■ GIVEN DATA
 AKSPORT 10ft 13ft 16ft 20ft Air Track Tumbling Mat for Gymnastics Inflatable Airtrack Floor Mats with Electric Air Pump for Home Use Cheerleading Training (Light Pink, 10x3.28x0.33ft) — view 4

---

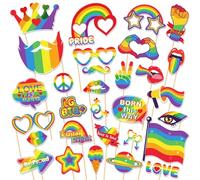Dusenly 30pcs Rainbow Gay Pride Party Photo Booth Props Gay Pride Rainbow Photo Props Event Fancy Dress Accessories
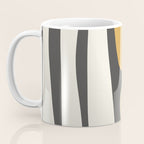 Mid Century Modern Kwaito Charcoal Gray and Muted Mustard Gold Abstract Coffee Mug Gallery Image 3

■ HOW TO COMPLETE THIS TASK
Only one stretch of the material above is wanted: the line containing "Dusenly 30pcs Rainbow" through the line containing "Mid Century Modern". Restate it word for word, minus the pictures.

■ RESPONSE
Dusenly 30pcs Rainbow Gay Pride Party Photo Booth Props Gay Pride Rainbow Photo Props Event Fancy Dress Accessories
 Mid Century Modern Kwaito Charcoal Gray and Muted Mustard Gold Abstract Coffee Mug Gallery Image 3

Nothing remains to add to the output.